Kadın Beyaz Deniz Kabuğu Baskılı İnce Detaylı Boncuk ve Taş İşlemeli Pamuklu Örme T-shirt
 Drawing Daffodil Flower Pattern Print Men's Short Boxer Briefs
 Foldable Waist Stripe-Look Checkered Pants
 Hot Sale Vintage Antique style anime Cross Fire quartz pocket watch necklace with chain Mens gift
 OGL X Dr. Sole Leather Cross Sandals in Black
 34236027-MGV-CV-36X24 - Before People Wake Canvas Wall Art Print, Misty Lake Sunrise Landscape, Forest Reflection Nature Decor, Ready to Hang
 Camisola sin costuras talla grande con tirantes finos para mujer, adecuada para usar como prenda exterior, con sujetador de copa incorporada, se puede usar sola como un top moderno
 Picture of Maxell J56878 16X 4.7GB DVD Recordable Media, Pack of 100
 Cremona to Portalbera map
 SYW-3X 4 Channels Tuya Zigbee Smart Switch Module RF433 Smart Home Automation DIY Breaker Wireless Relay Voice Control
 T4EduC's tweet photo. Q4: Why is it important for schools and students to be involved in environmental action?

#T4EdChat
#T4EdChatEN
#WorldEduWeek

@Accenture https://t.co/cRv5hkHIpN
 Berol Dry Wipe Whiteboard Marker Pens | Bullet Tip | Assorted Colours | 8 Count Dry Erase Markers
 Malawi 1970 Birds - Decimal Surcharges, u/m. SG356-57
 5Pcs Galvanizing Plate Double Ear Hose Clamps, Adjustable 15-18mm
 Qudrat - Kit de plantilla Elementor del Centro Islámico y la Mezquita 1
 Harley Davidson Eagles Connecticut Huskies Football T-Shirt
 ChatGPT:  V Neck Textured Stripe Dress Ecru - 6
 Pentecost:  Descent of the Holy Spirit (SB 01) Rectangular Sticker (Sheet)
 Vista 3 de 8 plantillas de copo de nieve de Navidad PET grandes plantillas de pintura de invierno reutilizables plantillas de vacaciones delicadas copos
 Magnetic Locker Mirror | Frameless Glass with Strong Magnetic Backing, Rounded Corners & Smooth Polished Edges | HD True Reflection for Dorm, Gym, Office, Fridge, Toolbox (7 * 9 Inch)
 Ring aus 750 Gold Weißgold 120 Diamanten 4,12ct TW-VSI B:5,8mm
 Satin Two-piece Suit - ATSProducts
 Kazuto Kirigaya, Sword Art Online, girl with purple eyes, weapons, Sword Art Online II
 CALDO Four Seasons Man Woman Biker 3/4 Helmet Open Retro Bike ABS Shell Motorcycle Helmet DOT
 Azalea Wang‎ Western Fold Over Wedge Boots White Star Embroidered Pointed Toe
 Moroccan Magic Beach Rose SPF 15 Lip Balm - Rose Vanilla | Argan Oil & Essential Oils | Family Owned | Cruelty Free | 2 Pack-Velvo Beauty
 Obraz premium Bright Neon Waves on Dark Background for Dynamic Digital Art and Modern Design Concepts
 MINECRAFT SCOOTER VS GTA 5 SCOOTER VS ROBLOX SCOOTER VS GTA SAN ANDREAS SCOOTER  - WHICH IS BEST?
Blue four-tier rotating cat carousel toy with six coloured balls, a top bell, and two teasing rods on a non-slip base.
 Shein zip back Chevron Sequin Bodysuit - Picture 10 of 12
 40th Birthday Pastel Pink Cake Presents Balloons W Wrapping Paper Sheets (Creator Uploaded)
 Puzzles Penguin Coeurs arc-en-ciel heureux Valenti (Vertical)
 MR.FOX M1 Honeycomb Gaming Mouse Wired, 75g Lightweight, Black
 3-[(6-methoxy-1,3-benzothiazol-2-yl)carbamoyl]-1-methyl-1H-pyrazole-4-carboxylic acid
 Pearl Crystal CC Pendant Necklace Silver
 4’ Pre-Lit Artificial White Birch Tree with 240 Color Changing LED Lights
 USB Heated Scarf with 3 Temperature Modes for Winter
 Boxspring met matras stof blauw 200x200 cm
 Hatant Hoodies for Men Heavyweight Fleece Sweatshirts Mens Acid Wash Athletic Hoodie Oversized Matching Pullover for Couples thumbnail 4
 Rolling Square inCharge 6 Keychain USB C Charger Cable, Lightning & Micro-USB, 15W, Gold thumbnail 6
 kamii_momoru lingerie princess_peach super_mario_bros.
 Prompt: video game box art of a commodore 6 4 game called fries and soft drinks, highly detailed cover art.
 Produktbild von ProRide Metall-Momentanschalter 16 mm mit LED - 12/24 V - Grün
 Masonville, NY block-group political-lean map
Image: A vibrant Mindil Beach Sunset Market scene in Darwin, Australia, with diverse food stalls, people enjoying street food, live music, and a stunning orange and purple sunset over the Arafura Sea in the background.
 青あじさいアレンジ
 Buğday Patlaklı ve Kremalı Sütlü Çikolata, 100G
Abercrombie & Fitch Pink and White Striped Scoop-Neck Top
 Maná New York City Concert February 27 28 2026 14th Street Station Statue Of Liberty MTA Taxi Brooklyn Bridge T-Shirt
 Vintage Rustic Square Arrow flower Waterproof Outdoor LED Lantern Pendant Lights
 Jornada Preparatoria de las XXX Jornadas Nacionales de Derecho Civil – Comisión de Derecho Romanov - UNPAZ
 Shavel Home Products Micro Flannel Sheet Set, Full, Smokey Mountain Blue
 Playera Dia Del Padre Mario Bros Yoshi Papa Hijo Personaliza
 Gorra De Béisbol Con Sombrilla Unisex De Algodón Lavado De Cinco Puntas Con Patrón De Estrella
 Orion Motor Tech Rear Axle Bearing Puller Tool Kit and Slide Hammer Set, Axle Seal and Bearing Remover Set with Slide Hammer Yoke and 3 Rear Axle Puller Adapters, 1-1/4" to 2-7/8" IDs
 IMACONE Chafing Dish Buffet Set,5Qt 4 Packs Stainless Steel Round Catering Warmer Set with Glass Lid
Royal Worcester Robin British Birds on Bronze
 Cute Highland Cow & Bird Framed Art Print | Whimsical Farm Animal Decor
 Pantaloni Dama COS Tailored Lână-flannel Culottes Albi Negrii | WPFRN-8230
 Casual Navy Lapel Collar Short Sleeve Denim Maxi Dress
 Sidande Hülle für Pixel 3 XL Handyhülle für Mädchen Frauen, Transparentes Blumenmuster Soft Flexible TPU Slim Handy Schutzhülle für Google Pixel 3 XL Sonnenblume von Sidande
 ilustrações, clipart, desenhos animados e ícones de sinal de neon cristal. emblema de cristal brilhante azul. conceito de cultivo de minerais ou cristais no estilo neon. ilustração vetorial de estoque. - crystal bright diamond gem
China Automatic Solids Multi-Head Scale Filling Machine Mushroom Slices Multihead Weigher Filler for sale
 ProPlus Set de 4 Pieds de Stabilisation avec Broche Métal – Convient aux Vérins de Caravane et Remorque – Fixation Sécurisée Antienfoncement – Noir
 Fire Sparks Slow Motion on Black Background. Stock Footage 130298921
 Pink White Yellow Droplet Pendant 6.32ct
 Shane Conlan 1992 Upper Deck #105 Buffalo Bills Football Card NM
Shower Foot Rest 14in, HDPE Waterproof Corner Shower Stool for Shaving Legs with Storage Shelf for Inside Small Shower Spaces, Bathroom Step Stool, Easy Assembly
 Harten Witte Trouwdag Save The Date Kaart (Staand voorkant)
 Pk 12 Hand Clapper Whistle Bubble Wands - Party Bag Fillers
━━━━━━━━━━━━━━━━
> Activity:
Go through the material above and output exactly the lines from the one containing "Magnetic Locker Mirror" through the one containing "Kazuto Kirigaya, Sword".

> Answer to this problem:
 Magnetic Locker Mirror | Frameless Glass with Strong Magnetic Backing, Rounded Corners & Smooth Polished Edges | HD True Reflection for Dorm, Gym, Office, Fridge, Toolbox (7 * 9 Inch)
 Ring aus 750 Gold Weißgold 120 Diamanten 4,12ct TW-VSI B:5,8mm
 Satin Two-piece Suit - ATSProducts
 Kazuto Kirigaya, Sword Art Online, girl with purple eyes, weapons, Sword Art Online II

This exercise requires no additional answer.